Put the pot back on the stove and maintain the temperature at 95 degrees Fahrenheit for a little over half an hour. Slowly increase the temperature up to 125 while stirring to keep the mixture from burning or sticking to the pot. Once it reaches 125, cook it at that temperature for another 45 minutes. Don’t stir it while it cooks.
Take the pot off the burner and allow the mixture to cool until it’s bearable to the touch. Test to see if it’s done cooking by squeezing a handful of curds into a ball and rubbing it between your palms. If the curds are done then they will crumble and break up in your hands. When the curds settle in the pot, use your ladle to take out what whey you can. Put this is a separate catch bowl for later.
Layer a clean cloth over a strainer or colander. Hold the strainer over the whey catch bowl and pour in the contents of the pot. The whey should strain mostly through and the curds should be caught in the cloth.
Wad up the cloth so the curd are in a ball in the center. Wrap the ball tightly and dip it in the whey catch bowl to keep it moist. Put the whole cloth into the cheese hoop and slowly press it for five minutes. The cheese hoop’s job is to press out the moisture, as well as shape the cheese. The hoop is what gives cheese its solid pressed consistency rather than let the cheese fall apart. Thankfully automated cheese hoops exist so you need not worry about pressing the cheese for almost a full day by hand.
Open the cheese hoop and remove the cloth. The cheese should be able to hold together by itself for a few minutes. In a large bowl dissolve six tablespoons of salt into two cups of water. Rinse the cloth in the saltwater, then wrap the cheese up in the soaked cloth and put it back in the cheese hoop. Press the cheese for three hours. Make sure the container the saltwater is in can comfortably accommodate the cheese while keeping the cheese completely submerged.
Repeat this process for another three hours.
Remove the cloth, rinse it again, and set it with the curd back into the cheese hoop. Press the cheese all night long. To save time, chill the remaining salt brine solution down to 45 degrees Fahrenheit over the same night.
Remove the cheese from the hoop in the morning and put it in the salt brine solution, make sure it’s totally submerged and leave it for two days at a steady 45 degrees. Flip the cheese after the first day.
Place the cheese on a drying board inside a refrigerator at 50 degrees with 90% humidity. The cheese will sweat moisture for ten days.

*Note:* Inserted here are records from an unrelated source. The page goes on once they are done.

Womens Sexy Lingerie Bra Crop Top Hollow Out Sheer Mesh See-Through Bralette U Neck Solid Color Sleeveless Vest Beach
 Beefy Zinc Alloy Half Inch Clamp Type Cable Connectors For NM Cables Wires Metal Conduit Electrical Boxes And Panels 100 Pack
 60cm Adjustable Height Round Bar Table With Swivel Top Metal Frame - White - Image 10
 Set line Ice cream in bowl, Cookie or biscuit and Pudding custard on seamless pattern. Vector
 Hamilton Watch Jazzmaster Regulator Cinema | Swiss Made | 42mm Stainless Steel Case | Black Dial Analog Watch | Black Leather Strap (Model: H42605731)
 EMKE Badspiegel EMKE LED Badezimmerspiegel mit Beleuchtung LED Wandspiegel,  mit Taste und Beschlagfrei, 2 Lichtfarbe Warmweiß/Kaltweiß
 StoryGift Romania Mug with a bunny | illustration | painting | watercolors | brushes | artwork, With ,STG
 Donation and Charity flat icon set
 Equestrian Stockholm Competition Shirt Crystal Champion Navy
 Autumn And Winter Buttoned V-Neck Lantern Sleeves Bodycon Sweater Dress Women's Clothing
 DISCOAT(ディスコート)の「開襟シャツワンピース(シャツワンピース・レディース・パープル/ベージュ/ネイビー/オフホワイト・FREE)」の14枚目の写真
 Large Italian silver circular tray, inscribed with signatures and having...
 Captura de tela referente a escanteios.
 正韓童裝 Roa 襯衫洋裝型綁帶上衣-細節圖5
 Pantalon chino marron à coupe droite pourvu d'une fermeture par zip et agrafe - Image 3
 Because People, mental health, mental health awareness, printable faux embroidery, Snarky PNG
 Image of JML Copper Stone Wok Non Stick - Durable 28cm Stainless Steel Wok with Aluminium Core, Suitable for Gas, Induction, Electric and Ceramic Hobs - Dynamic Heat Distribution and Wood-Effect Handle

Wipe down the board and the cheese each day. At the end of the ten days rub salt into the surfaces of the cheese.
Alter the temperature of the fridge to 70 degrees Fahrenheit with 75% humidity and wipe the cheese down with a salt water soaked cloth once every three days. Do this for a full 45 days. Make sure the cloth and salt water you use are both clean and fresh before each use. If you don’t then you run the risk of introducing harmful bacteria into the cheese, which could make anybody who consumed the cheese very sick. By the end of the 45 days the cheese should have puffed up and developed holes because of the bacterial production of carbon dioxide. This is a good sign that everything is going as it should.
Lower the temperature back down to 40 degrees Fahrenheit and cut the humidity to 50%. Leave the cheese untouched to cure completely. This will take between four months and a whole year to complete. The longer you let the cheese cure, the more propionic acid it produces, enhancing the flavor.
Tips & Warnings
The longer Swiss cheese is aged, the larger the eyes in the cheese become, and the sharper the flavor becomes from the build up of propionic acid. Because the aging process for Swiss cheese takes so long that cheese makers make less of a profit from well aged cheeses. Because of this the really well aged Swiss cheeses are rare to find commercially and may need to be special ordered.